I greatly enjoyed how Ruby allows you do to virtually anything from the interactive interpreter that you otherwise could in normal program code, including defining functions as well as declaring modules and classes.  I sought to do the same in Reia, my dynamic scripting language for Erlang’s VM.  Reia now allows on-the-fly module declarations from anywhere, including both scripts and the interactive interpreter.  For example, the latest version on github allows you to do declare a module from the interactive interperer like this:

  >> module Foo
  ..   def bar
  ..     42
  .. 
  => ~ok
  >> Foo.bar()
  => 42 

This declares a Reia module named ‘Foo’ and defines one function under it, which returns 42.  After being declared, the ‘Foo’ module is compiled to BEAM bytecode and loaded directly into Erlang’s code server.  The "~ok" you see returned (which is Reia syntax for an atom called ‘ok’) is actually coming from the Smerl library by Yariv Sadan, and indicates that the module was successfully compiled and loaded into the code server.  Smerl allows for simple metaprogramming in Erlang by allowing you to build "meta modules" on-the-fly which then outputs all the Erlang forms needed to pass to compile:forms in order to buld a BEAM (or HiPE) module.

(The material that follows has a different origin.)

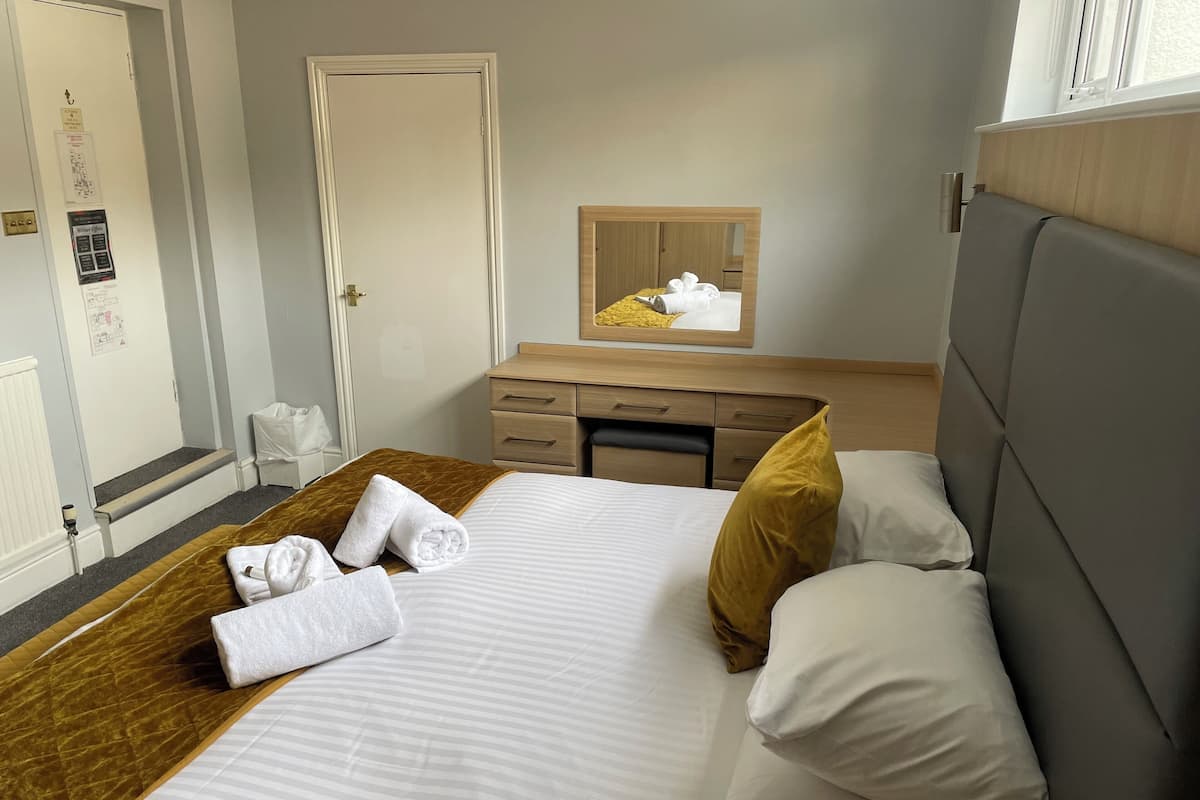 Hotellihuone, jossa on sänky, puinen yöpöytä, työpöytä ja peili.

When Reia evaluates module declarations, it first compiles the Reia code to Erlang forms then passes them to Smerl to build modules, which invokes the Erlang compiler and loads the resulting bytecode into the Erlang code server.  The end result: on-the-fly module declaration.  You can call methods from compiled Reia modules just as you would any Erlang function, just keeping in mind that the module name is capitalized.  From eshell, you could call ‘Foo’:bar() to invoke the same function.

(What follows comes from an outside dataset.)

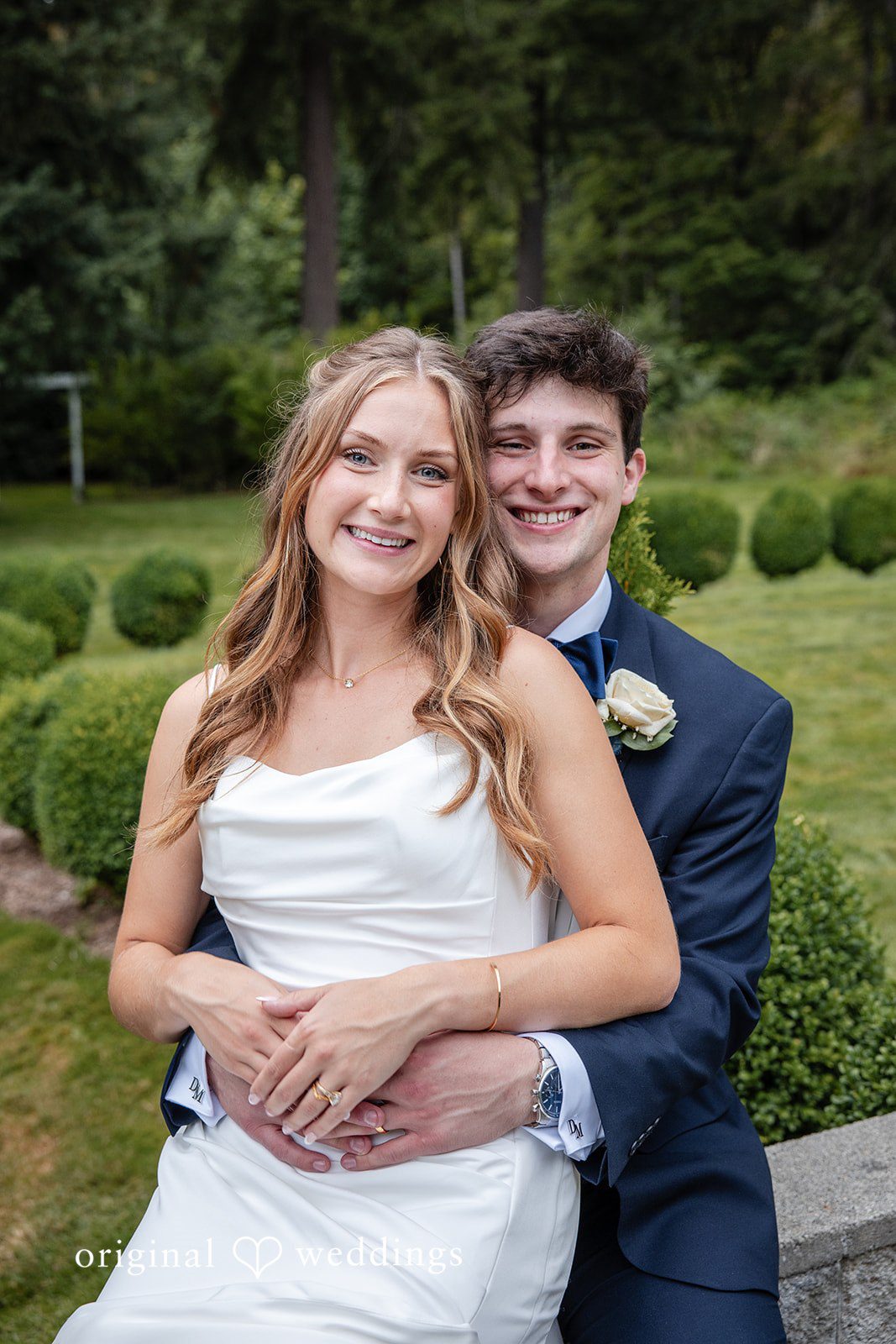 Alissa + Duncan A bride and groom posing closely together while smiling at the camera.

This allows a number of things which Erlang presently does not, and that doesn’t just mean declaring modules from the interactive interpreter.  Reia allows multiple module declarations from the same file, and furthermore provides a toplevel scope which exists outside of modules and is evaluated as the file is being loaded.  This means you can declare modules in a file then invoke functions in them immediately afterward, just like the above example from the interactive interpreter.

There’s a number of limits at present.  All module declarations need to be done from toplevel scope, i.e. you can’t conditionally declare a module.  You also can’t place statements besides defs inside a module declaration, so you can’t conditionally declare functions/methods either.  However, that said, module declaration is no longer limited to compiled code in Reia.  You can now do it anywhere.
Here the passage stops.